Brian Michael Smelley, 40, has been charged with murder, robbery and abuse of a corpse in connection with the Feb. 11, 2010, death of 63-year-old Jasper resident Richard Douglas Harris.
James David Hollie, 33, of Jasper is facing identical charges in the death but will face trial at a later date.
The trial is being heard by Walker County Circuit Judge Doug Farris.
Harris was reported missing to the Walker County Sheriff’s Office by his family on Feb. 12, 2010. He was last seen at a flea market on Highway 69 North in Boldo on Feb. 11. His vehicle was found on Feb. 14 on the shoulder of future Interstate 22 about 100 yards from the Whitehouse Road overpass.

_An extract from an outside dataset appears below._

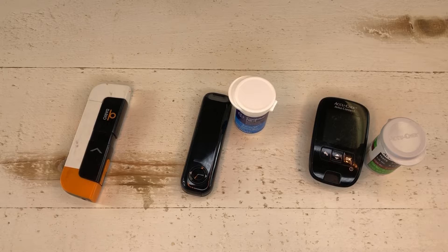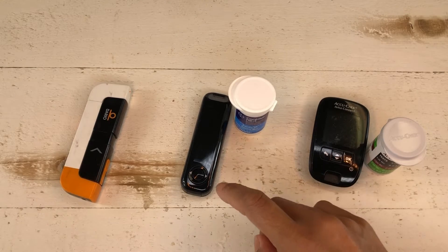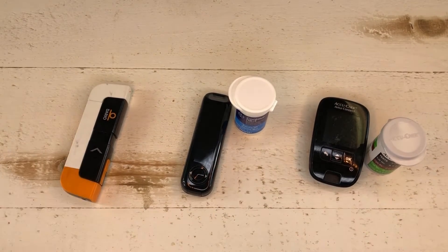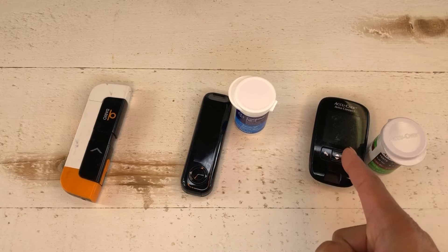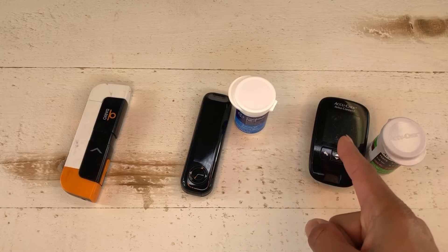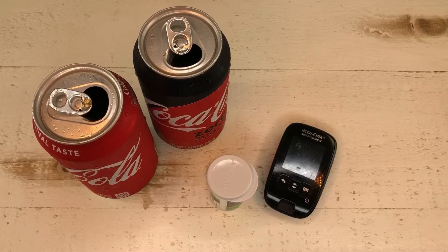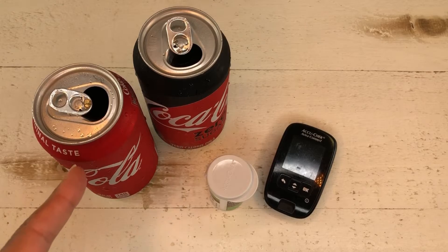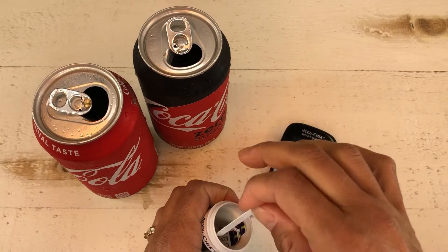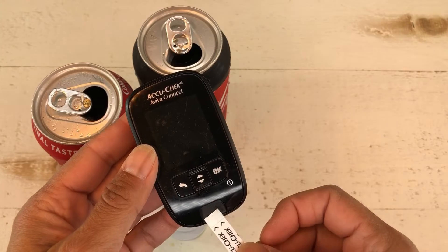These are the three meters I currently have that are working: I have a Roche AccuChek, I have an Essentia Contour Next, and I have my Dario meter. My Dario is my primary meter. I've used the AccuChek before for testing sugar-free drinks and I know that one works, so let's start with that. I've opened a regular Coke and a Coke Zero, so obviously we know which one is which - but let's just test it anyway.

On March 5, 2010, the torso of a body, which was later identified as Harris, was found off Old Baltimore Road near Cordova. Two days later, Smelley and Hollie were arrested for the crime and body parts and evidence were found at several locations across Walker County.
Walker County District Attorney Bill Adair said during his more than one-hour opening statement that evidence in the trial will show Harris was murdered by being shot in the back of the head and the defendants later dismembered the body to make it more difficult for police to find.
“This case is as brutal and cold-blooded as I’ve seen in my 25 years of prosecuting cases in Walker County,” Adair said.
Adair said evidence will also show that Smelley did not shoot Harris, but he is being charged with murder because he willfully aided and abetted Hollie throughout the incident and the attempted cover up.
Jury members were shown a transcript from an interview between investigators and Smelley via projector during Adair’s opening statements. Adair said Smelley admitted in the interview to helping Hollie and after the body was discarded was paid somewhere between $100 to $120 for that assistance — money that Smelley said in the interview could have come from Harris’ wallet.
Adair said Smelley knew something bad was going to happen to Harris on Feb. 11 and that was also evident in the interview transcript.
Defense attorney Mark Turner painted a much different picture of Smelley, saying he was afraid for his own life after witnessing the crime committed by Hollie.
“Brian had the fear that David would kill him, too,” he said.
Turner said the defense will prove through the trial that Smelley had no motive or intent to murder Harris.
“Did Brian have any intent to kill Richard Harris? That is a really important element,” Turner told jurors. “I think, when you weigh the evidence, that he did not.”
The more than 20-minute interview between Smelley and DA investigators Frank Cole and John Softley was played in its entirety during the defense’s opening statements. Once the audio interview was finished, Turner asked jurors to find Smelley not guilty and ended his opening statements.
After opening statements, Farris dismissed the jury until 8:30 a.m. today when testimony is expected to begin.